DIRECTIONS: Your task is to filter the data below down to the lines holding "show".

Stored data entries

--

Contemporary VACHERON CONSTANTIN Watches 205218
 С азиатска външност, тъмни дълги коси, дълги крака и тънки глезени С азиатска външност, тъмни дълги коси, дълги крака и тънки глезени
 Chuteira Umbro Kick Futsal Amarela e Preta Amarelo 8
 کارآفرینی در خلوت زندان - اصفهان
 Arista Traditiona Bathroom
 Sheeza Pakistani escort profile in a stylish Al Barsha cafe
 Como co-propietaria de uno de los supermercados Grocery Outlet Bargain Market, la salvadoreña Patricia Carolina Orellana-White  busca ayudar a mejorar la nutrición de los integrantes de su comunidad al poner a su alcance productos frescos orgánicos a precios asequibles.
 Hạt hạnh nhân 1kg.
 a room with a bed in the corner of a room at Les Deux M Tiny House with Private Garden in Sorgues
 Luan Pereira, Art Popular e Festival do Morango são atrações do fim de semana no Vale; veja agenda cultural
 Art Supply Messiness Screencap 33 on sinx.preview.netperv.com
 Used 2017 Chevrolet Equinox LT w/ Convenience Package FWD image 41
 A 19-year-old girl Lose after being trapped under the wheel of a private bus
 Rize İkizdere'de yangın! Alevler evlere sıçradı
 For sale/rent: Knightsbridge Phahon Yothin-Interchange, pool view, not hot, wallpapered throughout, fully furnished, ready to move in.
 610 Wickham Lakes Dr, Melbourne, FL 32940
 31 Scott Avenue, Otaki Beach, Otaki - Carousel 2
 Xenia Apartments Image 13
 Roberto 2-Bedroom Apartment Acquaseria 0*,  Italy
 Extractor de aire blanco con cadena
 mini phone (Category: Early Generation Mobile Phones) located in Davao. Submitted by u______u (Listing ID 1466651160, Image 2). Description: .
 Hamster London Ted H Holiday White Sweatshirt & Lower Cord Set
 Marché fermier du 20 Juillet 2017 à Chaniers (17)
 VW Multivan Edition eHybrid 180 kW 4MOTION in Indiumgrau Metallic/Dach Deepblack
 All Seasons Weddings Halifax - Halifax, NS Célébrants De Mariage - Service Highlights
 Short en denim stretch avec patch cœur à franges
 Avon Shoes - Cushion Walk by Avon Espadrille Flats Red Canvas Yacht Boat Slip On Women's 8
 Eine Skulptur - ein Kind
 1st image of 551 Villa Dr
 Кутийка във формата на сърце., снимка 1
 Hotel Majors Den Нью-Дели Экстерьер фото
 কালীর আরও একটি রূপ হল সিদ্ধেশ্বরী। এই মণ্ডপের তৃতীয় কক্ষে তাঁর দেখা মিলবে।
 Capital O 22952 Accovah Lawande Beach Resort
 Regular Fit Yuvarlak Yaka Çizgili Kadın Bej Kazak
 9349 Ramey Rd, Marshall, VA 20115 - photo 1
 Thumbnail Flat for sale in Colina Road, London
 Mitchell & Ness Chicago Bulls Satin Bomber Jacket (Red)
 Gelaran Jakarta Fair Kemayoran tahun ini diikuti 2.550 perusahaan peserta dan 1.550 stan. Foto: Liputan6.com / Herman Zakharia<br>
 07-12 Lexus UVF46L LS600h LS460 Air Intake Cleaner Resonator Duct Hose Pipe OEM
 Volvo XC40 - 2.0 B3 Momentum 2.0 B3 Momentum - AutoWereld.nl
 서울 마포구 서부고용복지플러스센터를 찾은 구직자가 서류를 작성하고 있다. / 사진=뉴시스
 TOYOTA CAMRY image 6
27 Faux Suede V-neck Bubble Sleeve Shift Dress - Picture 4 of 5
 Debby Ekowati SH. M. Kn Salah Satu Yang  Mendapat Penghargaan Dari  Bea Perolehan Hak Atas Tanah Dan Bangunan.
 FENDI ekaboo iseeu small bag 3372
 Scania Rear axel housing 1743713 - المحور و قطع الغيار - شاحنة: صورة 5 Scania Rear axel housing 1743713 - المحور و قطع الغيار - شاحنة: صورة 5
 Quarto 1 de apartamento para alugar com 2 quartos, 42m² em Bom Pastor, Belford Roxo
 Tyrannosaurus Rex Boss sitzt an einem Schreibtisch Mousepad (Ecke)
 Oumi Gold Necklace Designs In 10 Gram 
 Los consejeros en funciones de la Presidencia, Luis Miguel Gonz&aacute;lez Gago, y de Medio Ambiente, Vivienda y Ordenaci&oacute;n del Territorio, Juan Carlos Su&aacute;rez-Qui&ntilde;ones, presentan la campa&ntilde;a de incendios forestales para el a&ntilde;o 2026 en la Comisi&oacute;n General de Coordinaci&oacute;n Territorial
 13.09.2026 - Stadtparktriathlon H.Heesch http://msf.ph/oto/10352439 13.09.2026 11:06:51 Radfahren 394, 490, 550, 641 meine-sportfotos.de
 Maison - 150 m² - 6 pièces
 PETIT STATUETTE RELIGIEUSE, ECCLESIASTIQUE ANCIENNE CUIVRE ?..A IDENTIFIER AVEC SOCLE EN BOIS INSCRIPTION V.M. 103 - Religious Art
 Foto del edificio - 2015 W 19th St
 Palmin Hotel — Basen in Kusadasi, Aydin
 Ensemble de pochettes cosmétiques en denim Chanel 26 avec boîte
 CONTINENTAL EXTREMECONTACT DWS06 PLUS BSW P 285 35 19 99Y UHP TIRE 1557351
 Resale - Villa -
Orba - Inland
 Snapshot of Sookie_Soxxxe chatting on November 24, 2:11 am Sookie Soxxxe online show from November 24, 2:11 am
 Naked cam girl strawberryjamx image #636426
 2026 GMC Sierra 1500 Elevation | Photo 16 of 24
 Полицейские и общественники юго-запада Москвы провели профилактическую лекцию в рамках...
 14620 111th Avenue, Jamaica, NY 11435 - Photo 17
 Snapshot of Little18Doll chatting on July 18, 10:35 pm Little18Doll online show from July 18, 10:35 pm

--

EXERCISE OUTPUT:
 Snapshot of Sookie_Soxxxe chatting on November 24, 2:11 am Sookie Soxxxe online show from November 24, 2:11 am
 Snapshot of Little18Doll chatting on July 18, 10:35 pm Little18Doll online show from July 18, 10:35 pm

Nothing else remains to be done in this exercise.